Standard & Poor's Ratings Services Reviews Ratings on Certain U.S. Residential Mortgage-Backed Securities Issued in 2007
Standard & Poor's Ratings Services announced today that it had downgraded 1713 classes of U.S. residential mortgage-backed securities (RMBS) backed by first-lien loans, first-lien Alternative-A (Alt-A) mortgage loans, and closed-end second-lien mortgage loans issued from January 1, 2007, through June 30, 2007. The downgraded securities had an original par value of $23.35 billion, which represents 6.28% of the $371.9 billion U.S. RMBS backed by these three types of collateral and rated by S&P during this period. This also represents 4.71% of the $495 billion original par value of all U.S. RMBS rated during this period. S&P also affirmed its ratings on securities representing $245.1 billion original par value of U.S. RMBS backed by these three types of collateral.

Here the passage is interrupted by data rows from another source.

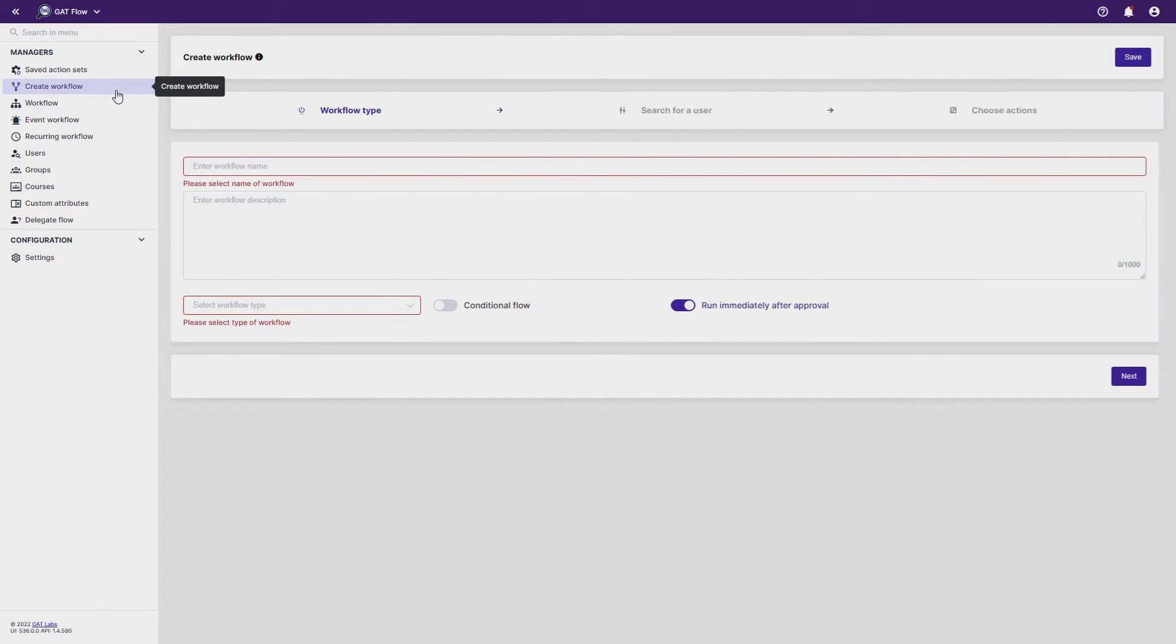With GatFlow, admins can wipe data from a user's calendar, and in this video, we'll show you how.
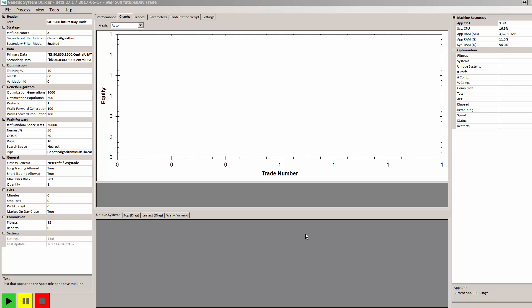Welcome to this introductory video on Genetic System Builder. GSB is a unique and powerful way to build trading systems.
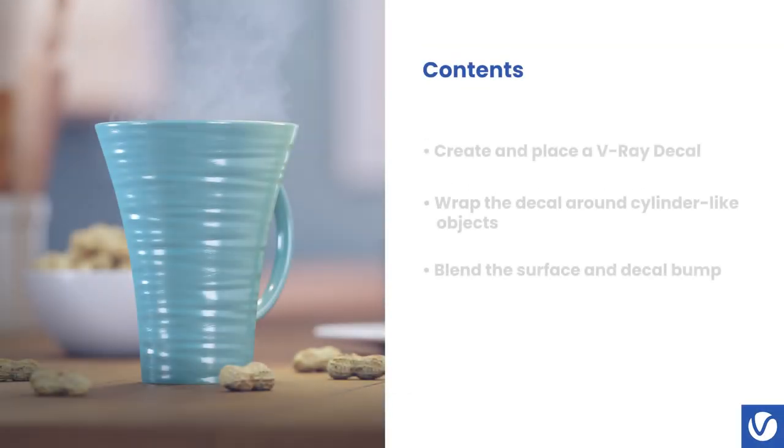Hello, this is Vesel from Chaos. In this tutorial we are going to take a look at how to create a cylindrical projection in V-Ray decal and also go over the different bump options.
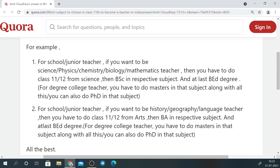In whichever field you want to become a teacher or lecturer, you have to complete a bachelor's degree in that field, then do B.Ed. In 11th and 12th, if you want to become a science teacher, you take science. For physics, you do B.Sc. in Physics — for example if you are interested in Electronics, Current Electricity, Motion, or Gravitation topics. For chemistry, you do B.Sc. in Chemistry.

In addition, S&P placed on CreditWatch negative the ratings on 646 other classes, representing $3.3 billion original par value of U.S. RMBS backed by first-lien subprimemortgage loans and first-lien Alt-A mortgage loans issued during this same period.
Of the 1713 securities downgraded, approximately 48% were rated in the 'BBB' category and below. Thirty-nine 'AAA' rated securities were downgraded, constituting roughly 2% of all downgraded securities, and no rating was lowered below 'A'.
On that note let's check out the ABX indexes to see how they reacted to the news. In the last few weeks it has been the BBB rated indexes plumbing new lows. However now the A and even AA tranches are getting in on the act.